Illustrated by Edward Miller

Halloween is spooky-scary and so is math. David Adler puts them both together, using the imagery of Halloween, which is not really scary after all, to show that once you understand the principles of mathematics, it is not really scary either.

What a fun idea! Skeletons peek from cupboards, and oh my gosh you have to count them! Imagine dividing skeletons, adding bats, subtracting ravens; activities right up the alley for third grade readers. Yay! Yay! Bring them on, we will add, subtract, multiply and divide these spooky creatures.

But how do you find the solutions to these activities?
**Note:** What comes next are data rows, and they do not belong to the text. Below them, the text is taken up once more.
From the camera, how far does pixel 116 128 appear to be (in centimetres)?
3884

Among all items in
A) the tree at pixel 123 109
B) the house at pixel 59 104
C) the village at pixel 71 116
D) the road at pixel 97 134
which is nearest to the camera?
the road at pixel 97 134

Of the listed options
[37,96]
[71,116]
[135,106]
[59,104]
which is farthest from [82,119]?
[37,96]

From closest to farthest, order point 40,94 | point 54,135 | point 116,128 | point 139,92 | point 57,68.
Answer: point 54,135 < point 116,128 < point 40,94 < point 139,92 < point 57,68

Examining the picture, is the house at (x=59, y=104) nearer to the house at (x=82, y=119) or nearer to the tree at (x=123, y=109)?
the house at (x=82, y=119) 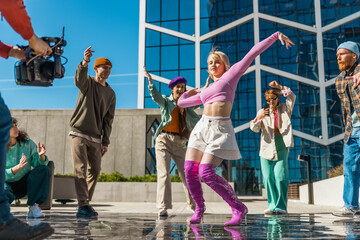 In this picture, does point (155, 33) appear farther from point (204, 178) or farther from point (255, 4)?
point (204, 178)

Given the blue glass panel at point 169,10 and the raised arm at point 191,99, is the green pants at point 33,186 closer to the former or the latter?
the raised arm at point 191,99

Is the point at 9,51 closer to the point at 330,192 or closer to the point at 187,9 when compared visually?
the point at 330,192

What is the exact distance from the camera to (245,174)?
31797 mm

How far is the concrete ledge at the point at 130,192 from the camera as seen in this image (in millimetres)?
14055

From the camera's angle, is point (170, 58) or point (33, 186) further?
point (170, 58)

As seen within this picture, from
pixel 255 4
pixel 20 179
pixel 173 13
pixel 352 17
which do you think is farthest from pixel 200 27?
pixel 20 179

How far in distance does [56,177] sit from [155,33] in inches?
1029

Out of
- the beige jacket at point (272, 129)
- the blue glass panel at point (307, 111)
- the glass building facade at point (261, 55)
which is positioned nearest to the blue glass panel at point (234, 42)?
the glass building facade at point (261, 55)

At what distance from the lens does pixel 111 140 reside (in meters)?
16.9

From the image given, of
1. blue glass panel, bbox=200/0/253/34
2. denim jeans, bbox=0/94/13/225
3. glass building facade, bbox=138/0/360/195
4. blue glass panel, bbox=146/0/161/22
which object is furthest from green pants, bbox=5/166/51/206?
blue glass panel, bbox=146/0/161/22

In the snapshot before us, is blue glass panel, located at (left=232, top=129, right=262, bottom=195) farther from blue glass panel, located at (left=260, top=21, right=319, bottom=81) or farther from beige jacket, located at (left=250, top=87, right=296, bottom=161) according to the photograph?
beige jacket, located at (left=250, top=87, right=296, bottom=161)

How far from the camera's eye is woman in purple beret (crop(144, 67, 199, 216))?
555 centimetres

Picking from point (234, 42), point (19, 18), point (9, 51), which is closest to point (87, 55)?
point (9, 51)

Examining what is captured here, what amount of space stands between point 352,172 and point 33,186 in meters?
3.94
The author sneaks in the key concept of balance: whatever you do on one side of the equal sign you do to the other, so it balances. And what is balance? The visual image of a see-saw at the start of the book helps explain the concept to young readers. From there the reader is led in easy stages to the algebraic terms equation (an algebra equation has an equal sign and an unknown, a mystery number) and variable (the mystery number).

Now that the vocabulary is established let’s get to work. Real life examples demonstrate how math is not just juggling with numbers, but applies to real situations. Mandy and Billy stop by a haunted house. Mandy sees 6 birds fly away, and counts 13 still sitting on the wire. How many birds were there in all? The readers learns how to set up the equation, and solve it.

Wasn’t so scary after all, was it? Young readers will breeze through the examples (wisely, the author includes examples using all four arithmetic operations: addition, subtraction, multiplication and division), and teachers will cheer for this read aloud introduction to algebra.

The back matter gives directions on how to make a balance scale: a truly algebraic activity!